Write out exactly the lines from the one containing "Любить то, что" through the last line of the records below, and no others.

***

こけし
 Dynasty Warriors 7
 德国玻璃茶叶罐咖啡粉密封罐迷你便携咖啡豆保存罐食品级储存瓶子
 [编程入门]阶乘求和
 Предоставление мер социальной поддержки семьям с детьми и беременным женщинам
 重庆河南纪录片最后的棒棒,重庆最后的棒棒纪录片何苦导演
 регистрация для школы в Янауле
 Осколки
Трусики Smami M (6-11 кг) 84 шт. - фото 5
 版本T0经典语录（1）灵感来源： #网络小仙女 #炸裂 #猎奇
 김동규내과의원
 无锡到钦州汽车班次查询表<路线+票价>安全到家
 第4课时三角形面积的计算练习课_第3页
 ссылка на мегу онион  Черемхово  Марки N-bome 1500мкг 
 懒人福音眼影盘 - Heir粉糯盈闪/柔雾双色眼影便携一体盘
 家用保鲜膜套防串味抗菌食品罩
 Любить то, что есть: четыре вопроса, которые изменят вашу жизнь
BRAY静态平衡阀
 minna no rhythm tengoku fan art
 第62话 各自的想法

***

ANSWER:
 Любить то, что есть: четыре вопроса, которые изменят вашу жизнь
BRAY静态平衡阀
 minna no rhythm tengoku fan art
 第62话 各自的想法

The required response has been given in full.